Favorite book: The Sound and the Fury – Faulkner
Favorite movie or television show: The Shawshank Redemption
Favorite musical performer: Sturgill Simpson
Favorite vacation spot: Walt Disney World
Hobbies? Playing guitar and piano, singing, reading, watching classic movies, following Liverpool Football Club
What made Michael such an invaluable addition to the class of 2017?
“Mike is one of those unique students who makes very meaningful contributions both inside and outside the classroom. I first got to know Mike via my role as the faculty adviser to the Owen Strategy and Consulting Club. One of the primary roles of the club is to help prepare students for case interviewing, and this is very much a student-led activity. Mike’s dedication to this effort over the past year as the Development Coordinator for the club has been simply outstanding. I haven’t calculated the total amount of time he has put into this, but I am confident that it has been a huge investment and all made on a totally voluntary basis. He developed and delivered a number of group training sessions (held on Sunday nights!) and has conducted countless individual practice interviews with classmat9es. His work here has been an amazing service to his classmates, and it has paid off with a number of great placements.

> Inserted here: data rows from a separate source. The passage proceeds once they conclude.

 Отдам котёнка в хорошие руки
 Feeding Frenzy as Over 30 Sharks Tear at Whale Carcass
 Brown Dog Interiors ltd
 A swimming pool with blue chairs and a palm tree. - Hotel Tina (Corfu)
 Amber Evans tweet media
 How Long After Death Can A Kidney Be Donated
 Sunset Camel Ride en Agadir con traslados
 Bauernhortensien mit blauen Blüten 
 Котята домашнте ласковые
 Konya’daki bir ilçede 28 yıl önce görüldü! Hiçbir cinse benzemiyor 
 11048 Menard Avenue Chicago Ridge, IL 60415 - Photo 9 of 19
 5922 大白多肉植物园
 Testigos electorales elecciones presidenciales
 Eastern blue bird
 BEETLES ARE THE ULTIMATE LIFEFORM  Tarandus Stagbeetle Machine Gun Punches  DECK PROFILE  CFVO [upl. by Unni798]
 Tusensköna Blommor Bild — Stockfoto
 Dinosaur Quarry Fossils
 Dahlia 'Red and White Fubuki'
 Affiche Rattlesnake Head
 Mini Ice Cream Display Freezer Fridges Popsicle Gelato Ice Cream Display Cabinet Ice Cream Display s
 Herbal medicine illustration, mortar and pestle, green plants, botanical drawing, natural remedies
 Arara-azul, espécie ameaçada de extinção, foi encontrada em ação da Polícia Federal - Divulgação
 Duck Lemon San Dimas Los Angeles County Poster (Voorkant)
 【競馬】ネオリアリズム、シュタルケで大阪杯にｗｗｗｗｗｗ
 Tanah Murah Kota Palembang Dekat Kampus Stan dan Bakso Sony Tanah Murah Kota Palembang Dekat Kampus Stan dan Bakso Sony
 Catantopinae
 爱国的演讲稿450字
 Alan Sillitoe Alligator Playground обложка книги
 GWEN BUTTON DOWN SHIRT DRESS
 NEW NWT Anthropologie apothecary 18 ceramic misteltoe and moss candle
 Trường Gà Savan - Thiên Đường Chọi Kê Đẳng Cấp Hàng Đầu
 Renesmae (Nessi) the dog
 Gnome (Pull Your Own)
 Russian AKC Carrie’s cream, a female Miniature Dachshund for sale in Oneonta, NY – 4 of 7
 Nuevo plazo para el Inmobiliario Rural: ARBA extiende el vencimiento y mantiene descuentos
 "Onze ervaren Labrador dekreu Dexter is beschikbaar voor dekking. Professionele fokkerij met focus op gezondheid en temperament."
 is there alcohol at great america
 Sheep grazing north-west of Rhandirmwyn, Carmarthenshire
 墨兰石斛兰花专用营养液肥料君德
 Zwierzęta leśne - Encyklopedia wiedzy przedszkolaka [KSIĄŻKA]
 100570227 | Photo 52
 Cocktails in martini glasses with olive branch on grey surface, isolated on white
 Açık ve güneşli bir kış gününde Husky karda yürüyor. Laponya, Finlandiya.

Despite his questionable taste in music (Kaleo?) and European football clubs (Liverpool – YNWA!), Mike is one of the standout students in his class. I know others at Owen really respect Mike’s work as well. Here’s one example – in my second-year elective class that all strategy concentrators take (Corporate Strategy), each student completes an evaluation asking for ratings of how their peers’ participation contributed to their learning in the class. Mike’s name was at the top of the list of the 142 students who took my class this year. I also saw this respect when I recently solicited recommendations from several faculty, staff members, and students for a case competition team. With such a relatively diverse group of recommenders, it wasn’t surprising to see quite a bit of variety across the lists; however, there was one name that consistently appeared across all the lists: Mike Foster.
Mike is the type of student who leaves a lasting impression at the school and with his fellow students. We are fortunate to have had him at Owen for two years, and I look forward to watching his future successes!”